The UI displays 4 tabs along the top and an output window along the bottom.
The Task Tree shows a hierarchical display of all projects and their tasks. Double clicking a task executes it.
There is also a filter so that uncommon tasks can be hidden. You can toggle the filter via the Filter button. Editing the filter allows you to configure which tasks and projects are shown. Hidden tasks show up in red. Note: newly created tasks will show up by default (versus being hidden by default).
The Task Tree context menu provides the following options:
Execute ignoring dependencies. This does not require dependent projects to be rebuilt (same as the -a option).
Add tasks to the favorites (see Favorites tab)
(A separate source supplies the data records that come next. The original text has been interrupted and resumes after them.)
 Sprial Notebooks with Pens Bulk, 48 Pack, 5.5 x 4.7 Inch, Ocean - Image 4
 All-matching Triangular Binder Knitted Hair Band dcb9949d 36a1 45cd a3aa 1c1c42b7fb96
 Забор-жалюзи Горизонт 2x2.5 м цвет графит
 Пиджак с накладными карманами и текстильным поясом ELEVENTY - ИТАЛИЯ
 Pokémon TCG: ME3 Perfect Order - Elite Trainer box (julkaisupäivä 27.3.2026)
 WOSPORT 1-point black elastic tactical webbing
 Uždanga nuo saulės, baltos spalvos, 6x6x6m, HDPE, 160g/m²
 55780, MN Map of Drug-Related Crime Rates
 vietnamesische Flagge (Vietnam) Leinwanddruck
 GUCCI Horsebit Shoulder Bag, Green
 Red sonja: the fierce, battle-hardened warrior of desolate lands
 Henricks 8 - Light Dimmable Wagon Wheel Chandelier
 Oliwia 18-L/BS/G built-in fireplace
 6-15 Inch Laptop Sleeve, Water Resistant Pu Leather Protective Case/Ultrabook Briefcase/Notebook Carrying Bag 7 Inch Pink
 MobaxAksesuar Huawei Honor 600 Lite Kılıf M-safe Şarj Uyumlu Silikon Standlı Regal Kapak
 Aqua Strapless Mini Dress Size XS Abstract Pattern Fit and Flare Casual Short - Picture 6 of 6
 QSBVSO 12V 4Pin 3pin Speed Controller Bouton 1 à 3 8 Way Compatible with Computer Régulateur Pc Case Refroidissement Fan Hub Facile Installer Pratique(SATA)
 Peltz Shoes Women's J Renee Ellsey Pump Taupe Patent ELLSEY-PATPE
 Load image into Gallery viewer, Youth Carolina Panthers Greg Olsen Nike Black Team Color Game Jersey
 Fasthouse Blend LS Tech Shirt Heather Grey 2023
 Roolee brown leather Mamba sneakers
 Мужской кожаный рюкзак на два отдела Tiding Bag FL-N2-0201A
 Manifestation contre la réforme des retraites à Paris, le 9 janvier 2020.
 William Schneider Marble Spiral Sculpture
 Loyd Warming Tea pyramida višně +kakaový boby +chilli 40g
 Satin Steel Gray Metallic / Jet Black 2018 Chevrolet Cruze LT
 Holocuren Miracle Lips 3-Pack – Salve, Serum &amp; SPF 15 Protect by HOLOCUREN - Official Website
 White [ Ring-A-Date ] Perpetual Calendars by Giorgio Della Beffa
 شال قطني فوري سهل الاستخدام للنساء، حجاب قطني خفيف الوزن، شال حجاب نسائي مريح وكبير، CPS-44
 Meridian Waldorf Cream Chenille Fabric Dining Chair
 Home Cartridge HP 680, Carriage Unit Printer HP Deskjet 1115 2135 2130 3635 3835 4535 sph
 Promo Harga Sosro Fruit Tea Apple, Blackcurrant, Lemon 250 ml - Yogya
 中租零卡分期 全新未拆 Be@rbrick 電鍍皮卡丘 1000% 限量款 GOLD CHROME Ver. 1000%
Hide the selected tasks. This adds them to the filter.
Edit the build.gradle file. Note: this requires Java 1.6 or higher and requires that you have .gradle files associated in your OS.
The Favorites tab is a good place to store commonly-executed commands. These can be complex commands (anything that's legal to Gradle) and you can provide them with a display name. This is useful for creating, say, a custom build command that explicitly skips tests, documentation, and samples that you could call “fast build”.
You can reorder favorites to your liking and even export them to disk so they can imported by others. If you edit them, you are given options to “Always Show Live Output”. This only applies if you have “Only Show Output When Errors Occur”. This override always forces the output to be shown.
The Command Line tab is where you can execute a single Gradle command directly. Just enter whatever you would normally enter after 'gradle' on the command line. This also provides a place to try out commands before adding them to favorites.
The Setup tab allows configuration of some general settings.
Current Directory
Defines the root directory of your Gradle project (typically where build.gradle is located).
Stack Trace Output
This determines how much information to write out in stack traces when errors occur. Note: if you specify a stack trace level on either the Command Line or Favorites tab, it will override this stack trace level.
Only Show Output When Errors Occur
Enabling this option hides any output when a task is executed unless the build fails.
Use Custom Gradle Executor - Advanced feature
This provides you with an alternate way to launch Gradle commands. This is useful if your project requires some extra setup that is done inside another batch file or shell script (such as specifying an init script).